I'm sure everyone's seen this - that brownish stuff left behind when you grease an area of a baking dish that gets left exposed to the heat. Soap doesn't bother it too much, and it likes to gum up my scrubber. What's going on there, and are there any easy ways to get it off?
When oil gets overheated, it turns into a polymer that is insoluble in water, even with soap.
The best way to clean this up is with Barkeeper's Friend, Bon Ami, or a similar solvent (I think they're all alkaline-based solvents). It's non-abrasive, and safe to use on almost all cookware without leaving marks.
Edit: To help prevent this from happening in the future, use a paper towel to wipe off any excess baking spray on the edges of the baking dish that won't be covered by food.
I used a Mr. Clean Magic Eraser last night on my deep fryer. It took a little elbow grease but it came right off, no chemicals needed
I don't know of any method for the burnt-on oil in particular, but for difficult to clean pans in general, I usually resort to razor blades (not cartridge ones though).
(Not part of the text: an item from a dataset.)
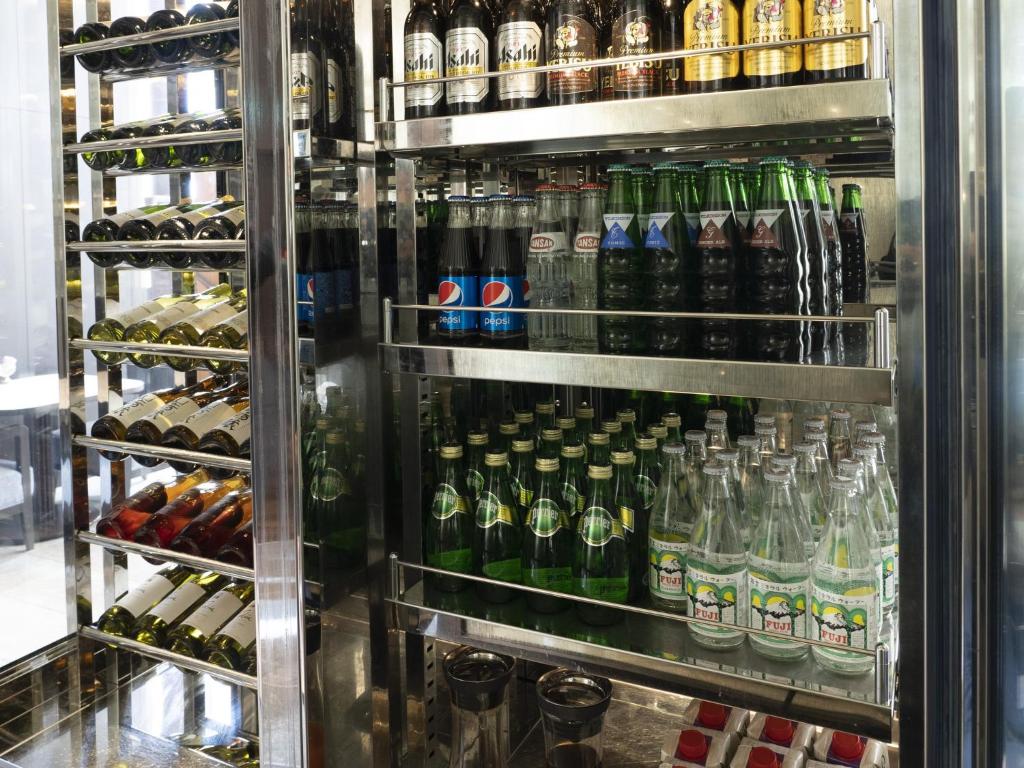 a refrigerator filled with lots of bottles of beer at Nagoya Marriott Associa Hotel in Nagoya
Something like a proper scraper tool would be even better.
Basically, something really sharp that can get underneath the substance, and then it can't help but come off.
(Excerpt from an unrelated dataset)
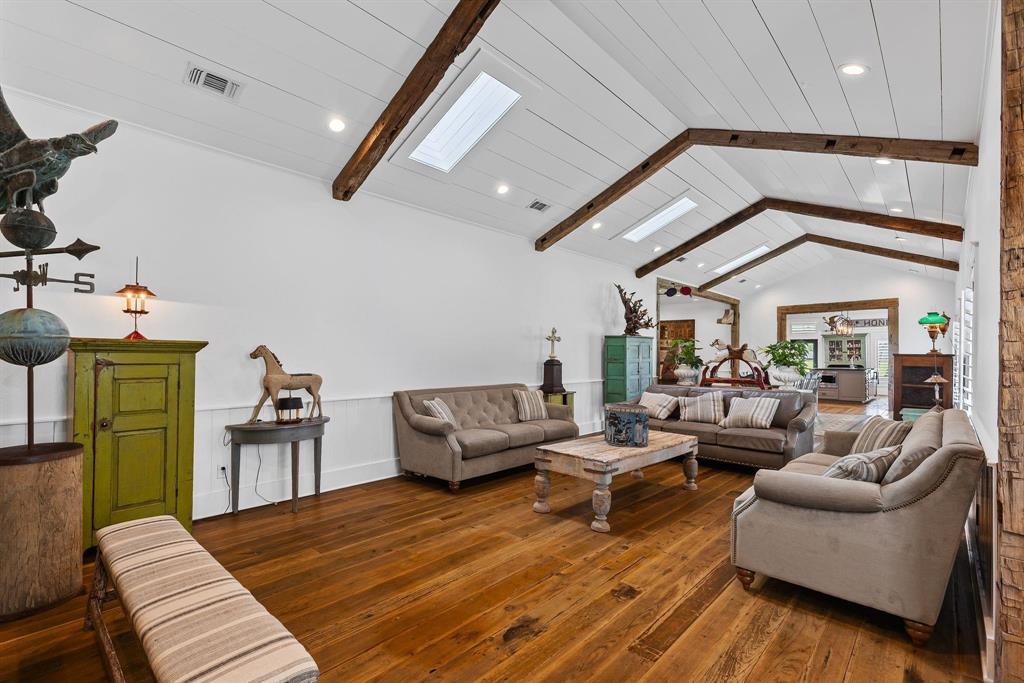 A collector's dream comes true with this farmhouse chic 2,756 square foot home, on 11-plus acres (being subdivided from a larger tract), with custom touches and tastefully hand-picked antique finishes! From the elegant 1860's Georgia wood floors and antique Chicago pavers, walk into this handsome home and be astounded by the thoughtful interior decorating that elevates the space. Barn beams from the 1840's give the vaulted ceilings a nice pop of warmth in the living room, kitchen, and dining areas. Skylights, white slat ceilings, and recessed lights also brighten up the great room. A generous kitchen includes a commercial gas range, warming tray with heat lamps, commercial vent, farm sink, dishwasher, separate ice maker by the pantry, and custom lights. The walk-in pantry comes with an antique door. The primary ensuite bedroom will impress with a spa-like bathroom that has a luxurious interior with a separate tiled shower, soaking tub, and separate double sinks. Guests will enjoy the spare bedroom with a modern hall bathroom with a tiled walk-in shower. A second living space will make the perfect family room or can be turned into a bedroom. Additional touches include custom-made Gothic window, Kohler faucets, plantation blinds from Custom Shutters, GE monogram appliances, restoration hardware vanities with solid surface Caesar Stone tops, handmade walnut doors, and handmade cupola. Sit on the oversized 1,009 square-foot deck and appreciate the mature trees that were planted in the fall of 2024. Parking is a breeze with a concrete drive and 600 square-foot garage. This house also comes with Prierfert Ponderosa fencing, spray foam in the attic and pier and beam areas, and large scenic pond. This spectacular place provides lots of curb appeal, including Copper Bevolo gas lanterns from New Orleans--all with acreage close to town. Don't let the 1940 year built fool you. The original home was re-built and 1500 feet added by a true craftsman, master carpenter!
Chemically, I'm assuming the stuff left on the pan after the cooking process wouldn't be the oil, since that comes off in soap. I suspect (guessing here) that it's the propellant from the can. Which isn't really that much of a pleasant thought.
Comet and a small scrub brush with a handle . I bought a wooden handle metal bristol small brush generally used to scrub battery acid off and use on my stainless steel pots and pans. I am sure it would work on glass too.
Place your baking dish in a larger baking pan & squeeze soap dish over it plus a couple of handfuls of baking soda then add hot water to cover the dirty baking dish. Let it soak for an hour of so then just scrub with a brush & that's it!
You can buy a large box of baking soda at Smart & Final or Sam's Club or Costco. The baking soda will not scratch your baking dish.